Qwen3-32B Bradley-Terry Reward Model
A Bradley-Terry reward model fine-tuned from Qwen/Qwen3-32B for scoring question quality about research papers.
Training Details
- Base model: Qwen/Qwen3-32B
- Dataset: Vidushee/BT_Preference_Dataset (28,049 train, 3,090 test pairs)
- Training: 1 epoch, 400/877 steps, batch size 8 (1 per device x 8 gradient accumulation x 4 GPUs)
- Hardware: 4x NVIDIA H100 80GB GPUs (single node)
- Framework: HuggingFace Trainer + DeepSpeed ZeRO-3 + CPU optimizer offload
- Learning rate: 1e-6 with cosine schedule and 3% warmup
- Max sequence length: 12,288 tokens
- Eval accuracy: 90.9% pairwise accuracy at step 400
- Training approach: Adapted from RLHFlow/RLHF-Reward-Modeling
Usage
import re
import torch
from transformers import AutoTokenizer, pipeline
model_path = "Vidushee/Qwen3-32B-BT-RewardModel"

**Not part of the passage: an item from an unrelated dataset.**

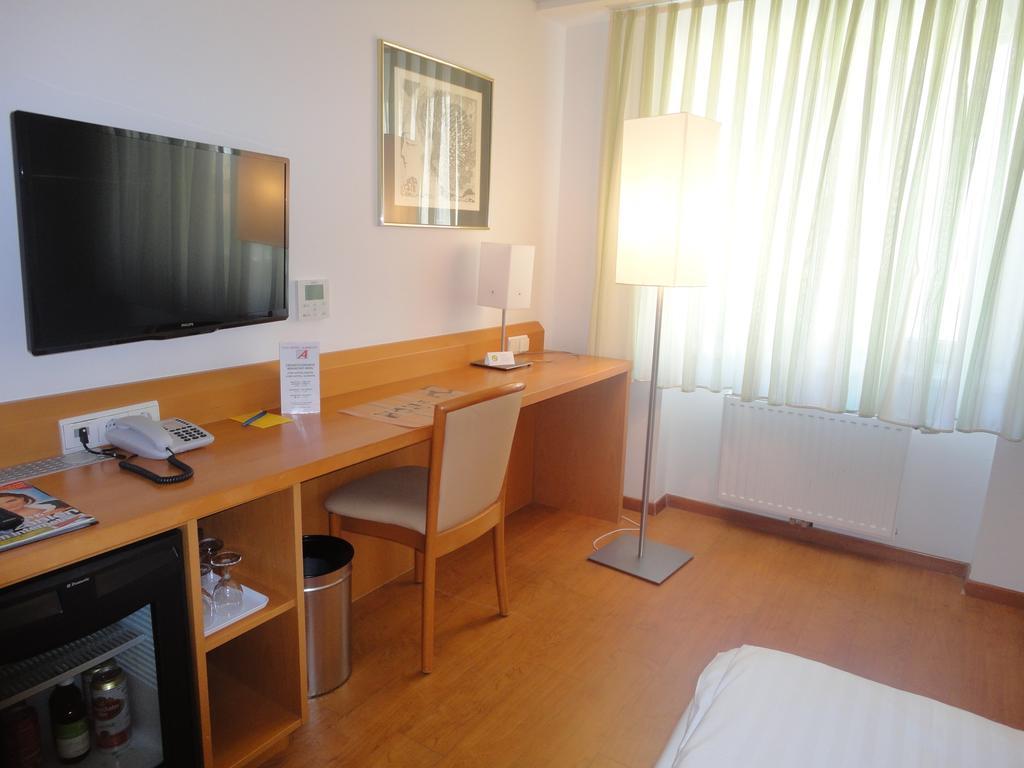 City Hotel Albrecht Schwechat Quarto foto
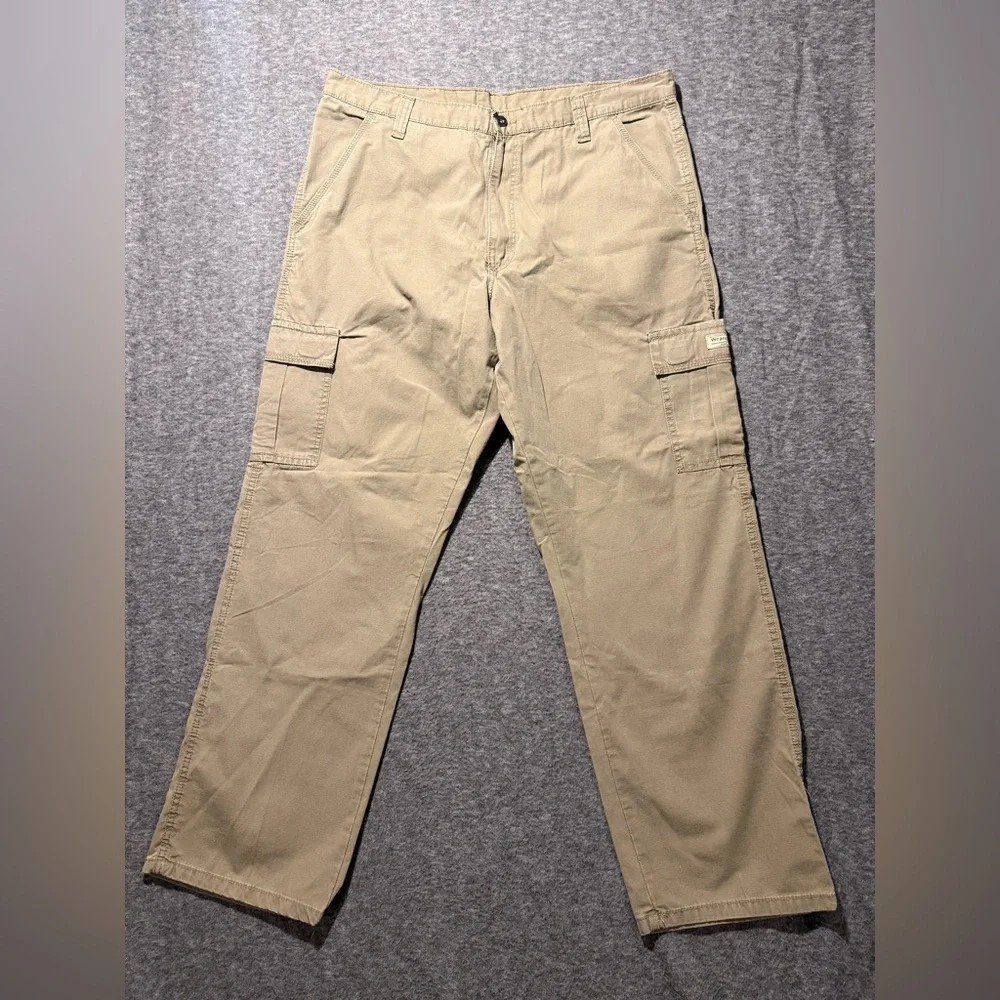 Wrangler Cargo Khaki Pants mens 38x32 tan brown cotton Straight comfort nice!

tokenizer = AutoTokenizer.from_pretrained(model_path)
rm_pipe = pipeline(
"sentiment-analysis",
model=model_path,
device=0,
tokenizer=tokenizer,
model_kwargs={"torch_dtype": torch.bfloat16, "attn_implementation": "flash_attention_2"},
truncation=True,
max_length=12288,
)
pipe_kwargs = {
"return_all_scores": True,
"function_to_apply": "none",
"batch_size": 1,
}
# Format your conversation
chat = [
{"role": "user", "content": "Your paper context here"},
{"role": "assistant", "content": "Question to score"},
]
text = tokenizer.apply_chat_template(
chat, tokenize=False, add_generation_prompt=False, enable_thinking=False
)
# Strip empty think blocks that Qwen3 inserts even with enable_thinking=False
text = re.sub(r"<think>\s*</think>\s*", "", text)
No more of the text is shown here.